Rayno: Five surprises around Big Ten basketball
- Blog Post by: Amelia Rayno
- December 26, 2013 - 9:01 AM
The Big Ten season, what we've all been waiting for, is less than a week away. We all know that this next part of the schedule is when teams make themselves into true contenders or fall apart against the conference's constant grind. But already, there has been plenty to intrigue through the fall. Five things around the league that have surprised me thus far:
Michigan's early struggles: Yes, they're young. Yes, they've lost star guards Trey Burke an Tim Hardaway Jr. But the Wolverines appear as though they still have a long way to go to compete at the top of the Big Ten, as they were expected to. The Wolverines lost to Charlotte in November, and have been unable to sufficiently challenge very talented teams (with losses to Iowa State, Duke and Arizona) Mitch McGary's health issues (again) isn't helping anything, but the Wolverines do have plenty of talent around the sophomore big man.
Aaron White's third-year transformation: OK, it's not so much a surprise as just really fun to watch.
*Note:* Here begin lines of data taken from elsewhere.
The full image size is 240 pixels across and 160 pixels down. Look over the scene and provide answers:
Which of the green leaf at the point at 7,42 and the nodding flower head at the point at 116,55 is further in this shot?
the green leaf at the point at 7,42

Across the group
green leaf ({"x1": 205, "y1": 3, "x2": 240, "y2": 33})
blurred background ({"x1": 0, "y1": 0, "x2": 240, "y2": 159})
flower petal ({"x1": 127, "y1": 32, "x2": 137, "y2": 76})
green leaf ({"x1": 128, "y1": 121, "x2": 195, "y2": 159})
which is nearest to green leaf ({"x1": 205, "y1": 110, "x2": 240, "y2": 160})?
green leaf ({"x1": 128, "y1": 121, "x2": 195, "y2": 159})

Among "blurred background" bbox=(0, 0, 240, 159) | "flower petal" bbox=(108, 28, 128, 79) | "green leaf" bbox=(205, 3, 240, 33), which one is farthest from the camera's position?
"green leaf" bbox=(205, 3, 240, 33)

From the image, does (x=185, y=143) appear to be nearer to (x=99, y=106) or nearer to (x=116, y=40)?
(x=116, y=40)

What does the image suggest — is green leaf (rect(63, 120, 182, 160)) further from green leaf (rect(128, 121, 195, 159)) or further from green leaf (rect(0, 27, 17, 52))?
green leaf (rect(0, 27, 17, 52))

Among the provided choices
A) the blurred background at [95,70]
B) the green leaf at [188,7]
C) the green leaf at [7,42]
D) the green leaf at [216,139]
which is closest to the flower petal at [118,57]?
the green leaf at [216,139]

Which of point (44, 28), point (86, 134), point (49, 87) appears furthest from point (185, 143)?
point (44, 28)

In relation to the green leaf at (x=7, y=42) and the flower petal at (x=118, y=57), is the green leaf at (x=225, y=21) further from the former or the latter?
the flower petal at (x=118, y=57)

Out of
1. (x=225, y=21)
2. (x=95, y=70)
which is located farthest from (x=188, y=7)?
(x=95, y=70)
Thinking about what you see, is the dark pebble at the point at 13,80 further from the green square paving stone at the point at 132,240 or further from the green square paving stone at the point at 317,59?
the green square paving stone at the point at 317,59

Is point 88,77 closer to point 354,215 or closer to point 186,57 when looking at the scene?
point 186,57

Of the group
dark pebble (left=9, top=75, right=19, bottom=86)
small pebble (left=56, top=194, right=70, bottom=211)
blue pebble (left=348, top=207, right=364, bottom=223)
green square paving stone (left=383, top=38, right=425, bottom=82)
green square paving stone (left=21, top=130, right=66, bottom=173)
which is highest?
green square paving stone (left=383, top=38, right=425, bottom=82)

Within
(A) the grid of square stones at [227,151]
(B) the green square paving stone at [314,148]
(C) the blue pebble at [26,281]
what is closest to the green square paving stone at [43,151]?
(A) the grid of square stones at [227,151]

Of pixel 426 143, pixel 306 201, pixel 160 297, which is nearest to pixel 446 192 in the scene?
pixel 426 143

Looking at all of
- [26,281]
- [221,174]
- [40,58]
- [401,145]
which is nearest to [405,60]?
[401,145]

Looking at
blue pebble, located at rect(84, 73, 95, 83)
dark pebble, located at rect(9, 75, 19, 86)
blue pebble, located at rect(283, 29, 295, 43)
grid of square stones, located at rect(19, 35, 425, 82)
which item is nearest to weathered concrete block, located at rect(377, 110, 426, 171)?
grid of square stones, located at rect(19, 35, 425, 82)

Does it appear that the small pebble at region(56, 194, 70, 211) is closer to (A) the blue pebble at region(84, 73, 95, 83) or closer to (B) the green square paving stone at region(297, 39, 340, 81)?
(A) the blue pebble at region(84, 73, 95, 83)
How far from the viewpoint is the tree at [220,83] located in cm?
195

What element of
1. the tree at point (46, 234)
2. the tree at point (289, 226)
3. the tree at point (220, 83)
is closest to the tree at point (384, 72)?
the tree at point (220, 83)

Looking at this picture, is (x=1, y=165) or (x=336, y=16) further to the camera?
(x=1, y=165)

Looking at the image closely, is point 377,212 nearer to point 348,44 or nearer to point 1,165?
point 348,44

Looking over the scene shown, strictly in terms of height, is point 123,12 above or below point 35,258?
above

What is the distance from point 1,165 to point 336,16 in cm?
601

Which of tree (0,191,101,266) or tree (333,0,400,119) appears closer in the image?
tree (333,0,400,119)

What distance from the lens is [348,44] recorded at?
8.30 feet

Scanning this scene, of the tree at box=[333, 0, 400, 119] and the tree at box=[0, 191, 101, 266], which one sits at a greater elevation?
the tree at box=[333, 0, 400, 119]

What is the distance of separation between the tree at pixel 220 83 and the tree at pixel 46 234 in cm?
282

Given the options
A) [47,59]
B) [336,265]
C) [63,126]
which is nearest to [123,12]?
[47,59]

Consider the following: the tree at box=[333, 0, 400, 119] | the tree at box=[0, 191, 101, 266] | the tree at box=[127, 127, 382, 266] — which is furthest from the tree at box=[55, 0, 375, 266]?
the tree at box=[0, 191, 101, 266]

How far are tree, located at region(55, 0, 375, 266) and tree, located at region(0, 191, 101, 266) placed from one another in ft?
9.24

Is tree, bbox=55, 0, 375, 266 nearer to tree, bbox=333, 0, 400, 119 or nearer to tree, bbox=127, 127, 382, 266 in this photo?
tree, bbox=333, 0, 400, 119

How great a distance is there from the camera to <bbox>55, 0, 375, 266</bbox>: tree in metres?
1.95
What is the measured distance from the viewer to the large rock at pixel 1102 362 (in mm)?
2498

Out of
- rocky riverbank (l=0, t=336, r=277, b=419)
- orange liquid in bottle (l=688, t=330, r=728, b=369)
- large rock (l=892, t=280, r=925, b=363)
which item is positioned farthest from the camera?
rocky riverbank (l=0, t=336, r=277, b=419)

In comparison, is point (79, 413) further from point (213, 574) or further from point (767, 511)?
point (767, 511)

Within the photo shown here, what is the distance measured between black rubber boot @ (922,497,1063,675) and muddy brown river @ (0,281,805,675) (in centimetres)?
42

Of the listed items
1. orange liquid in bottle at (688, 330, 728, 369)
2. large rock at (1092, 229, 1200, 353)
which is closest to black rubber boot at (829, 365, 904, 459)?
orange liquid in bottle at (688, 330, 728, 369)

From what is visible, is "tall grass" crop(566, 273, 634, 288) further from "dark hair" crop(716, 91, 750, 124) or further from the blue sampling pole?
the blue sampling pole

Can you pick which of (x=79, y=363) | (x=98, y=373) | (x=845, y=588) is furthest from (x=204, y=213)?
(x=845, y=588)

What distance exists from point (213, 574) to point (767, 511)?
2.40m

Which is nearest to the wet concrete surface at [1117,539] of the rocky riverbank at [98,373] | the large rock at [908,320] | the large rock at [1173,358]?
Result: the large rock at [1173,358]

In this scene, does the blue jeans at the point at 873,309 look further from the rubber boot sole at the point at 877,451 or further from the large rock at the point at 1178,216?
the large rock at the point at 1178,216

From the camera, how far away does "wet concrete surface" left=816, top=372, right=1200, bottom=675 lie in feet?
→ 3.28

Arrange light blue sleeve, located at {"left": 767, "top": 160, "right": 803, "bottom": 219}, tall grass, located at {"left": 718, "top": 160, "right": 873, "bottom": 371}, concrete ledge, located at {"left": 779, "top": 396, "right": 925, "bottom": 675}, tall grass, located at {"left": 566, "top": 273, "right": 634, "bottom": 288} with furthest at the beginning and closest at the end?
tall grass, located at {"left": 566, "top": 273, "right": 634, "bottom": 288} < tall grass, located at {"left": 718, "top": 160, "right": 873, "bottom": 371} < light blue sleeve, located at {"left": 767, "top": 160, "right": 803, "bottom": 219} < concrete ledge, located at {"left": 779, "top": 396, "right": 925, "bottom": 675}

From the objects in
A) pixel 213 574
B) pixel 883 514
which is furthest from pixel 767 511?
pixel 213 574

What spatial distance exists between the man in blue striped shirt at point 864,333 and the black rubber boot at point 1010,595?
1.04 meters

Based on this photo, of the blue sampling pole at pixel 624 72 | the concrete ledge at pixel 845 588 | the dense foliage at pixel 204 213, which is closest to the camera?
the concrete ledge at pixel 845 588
I've liked the 6-9 forward since he landed in Iowa, the only major school to really recruit him. Now, in his junior season, he's becoming the complete player he's seemed capable of from the start. White is so versatile, with his capacity for rebounding and battling inside as well as his ability to take the ball off the dribble and shoot the three. His 25-point, 17-rebound game against Iowa State was nothing short of impressive. Yes, Aaron White has arrived.
LaQuinton Ross has been good, not great, and yet Ohio State is still thriving: Ross, who received some preseason Big Ten player of the year nods, looks with each passing game as though he might be ready to take that next step soon, but for now, the Buckeyes success is truly a team effort. Unlike a year ago, when Ohio State WAS Deshaun Thomas, this version of the Buckeyes is a story of balance-- an approach that was able to overcome Notre Dame at Madison Square Garden this past weekend when each starter average between 9 and 16 points.
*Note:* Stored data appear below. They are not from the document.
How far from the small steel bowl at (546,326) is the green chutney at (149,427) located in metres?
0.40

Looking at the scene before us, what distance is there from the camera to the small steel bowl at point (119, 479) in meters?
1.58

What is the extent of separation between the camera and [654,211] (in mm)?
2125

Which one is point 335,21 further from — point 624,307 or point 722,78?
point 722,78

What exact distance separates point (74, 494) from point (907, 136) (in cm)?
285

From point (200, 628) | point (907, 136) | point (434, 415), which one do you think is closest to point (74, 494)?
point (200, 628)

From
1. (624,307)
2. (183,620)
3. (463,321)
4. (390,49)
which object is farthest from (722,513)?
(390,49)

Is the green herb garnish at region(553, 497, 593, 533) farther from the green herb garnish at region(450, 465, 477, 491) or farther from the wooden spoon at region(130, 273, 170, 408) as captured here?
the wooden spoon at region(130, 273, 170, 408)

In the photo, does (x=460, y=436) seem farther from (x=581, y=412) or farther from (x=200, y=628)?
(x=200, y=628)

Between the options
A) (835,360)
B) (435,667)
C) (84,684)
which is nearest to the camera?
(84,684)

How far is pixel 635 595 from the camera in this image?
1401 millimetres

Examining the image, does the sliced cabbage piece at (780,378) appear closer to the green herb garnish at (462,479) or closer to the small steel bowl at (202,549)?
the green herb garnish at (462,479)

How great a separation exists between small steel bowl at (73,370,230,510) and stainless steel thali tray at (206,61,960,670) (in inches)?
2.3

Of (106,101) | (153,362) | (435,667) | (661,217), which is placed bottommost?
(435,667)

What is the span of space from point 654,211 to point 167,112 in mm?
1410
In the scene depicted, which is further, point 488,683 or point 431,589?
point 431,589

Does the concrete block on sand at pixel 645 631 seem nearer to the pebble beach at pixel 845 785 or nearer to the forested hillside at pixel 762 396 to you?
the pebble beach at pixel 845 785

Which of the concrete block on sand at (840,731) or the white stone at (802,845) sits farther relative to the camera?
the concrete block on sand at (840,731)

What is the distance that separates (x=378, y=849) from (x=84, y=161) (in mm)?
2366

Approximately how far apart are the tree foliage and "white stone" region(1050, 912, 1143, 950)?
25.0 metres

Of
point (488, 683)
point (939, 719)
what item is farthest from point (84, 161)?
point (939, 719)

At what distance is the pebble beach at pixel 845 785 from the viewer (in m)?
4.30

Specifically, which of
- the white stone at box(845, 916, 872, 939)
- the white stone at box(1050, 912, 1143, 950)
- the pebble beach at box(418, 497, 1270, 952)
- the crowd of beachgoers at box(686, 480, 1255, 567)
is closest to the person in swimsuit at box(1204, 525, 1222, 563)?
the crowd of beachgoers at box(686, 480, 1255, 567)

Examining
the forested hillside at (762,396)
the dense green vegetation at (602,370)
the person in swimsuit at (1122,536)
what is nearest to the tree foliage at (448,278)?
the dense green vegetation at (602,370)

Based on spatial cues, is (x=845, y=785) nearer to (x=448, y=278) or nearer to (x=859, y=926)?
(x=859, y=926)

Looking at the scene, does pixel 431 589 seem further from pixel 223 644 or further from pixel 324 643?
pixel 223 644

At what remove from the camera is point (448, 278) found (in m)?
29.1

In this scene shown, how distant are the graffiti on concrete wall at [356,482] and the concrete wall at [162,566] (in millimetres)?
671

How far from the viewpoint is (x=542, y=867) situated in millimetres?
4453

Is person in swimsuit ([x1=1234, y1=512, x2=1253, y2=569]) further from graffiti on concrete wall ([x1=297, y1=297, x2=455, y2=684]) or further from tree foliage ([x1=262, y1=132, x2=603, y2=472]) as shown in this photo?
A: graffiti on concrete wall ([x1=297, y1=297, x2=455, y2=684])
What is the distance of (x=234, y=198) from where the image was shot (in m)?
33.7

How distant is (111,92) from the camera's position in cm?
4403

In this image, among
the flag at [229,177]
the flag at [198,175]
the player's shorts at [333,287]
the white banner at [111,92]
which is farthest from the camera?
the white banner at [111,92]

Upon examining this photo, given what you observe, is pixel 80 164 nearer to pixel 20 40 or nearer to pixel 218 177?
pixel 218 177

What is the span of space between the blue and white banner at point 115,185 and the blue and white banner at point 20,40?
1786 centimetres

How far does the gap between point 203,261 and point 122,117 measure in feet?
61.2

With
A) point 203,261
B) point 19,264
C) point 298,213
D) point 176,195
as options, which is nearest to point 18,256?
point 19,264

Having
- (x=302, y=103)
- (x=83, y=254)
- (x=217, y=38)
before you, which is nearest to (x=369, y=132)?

Wisconsin's prowess: It's hard to deny how good the Badgers have been early, putting up their best start in the modern era of the program. Wisconsin has perennially been good, but the "great" so far has been the result of consistency throughout the lineup, great outside shooting and the young team's ability to compensate for the veteran starting frontcourt, all of which is gone after last year. The freshman have been solid, Josh Gasser has been great in his return from ACL surgery and Sam Dekker has appeared to take the next step. Basically, everything is clicking for the Bo Ryan boys.
Penn State probably doesn't belong at the bottom of the league anymore: With Tim Frazier back from an ACL tear and now Pitt transfer John Johnson joining D.J. Newbill, the Nittany Lions have arguably the best backcourt in the Big Ten. Penn State will still take their lumps, and have showed they still have a ways to go, allowing Princeton to return from a 20-point deficit for the Tigers win, but there is plenty of promise in State College. Right now, the Nittany Lions don't look much different from Minnesota, Illiinois, Purdue or Nebraska.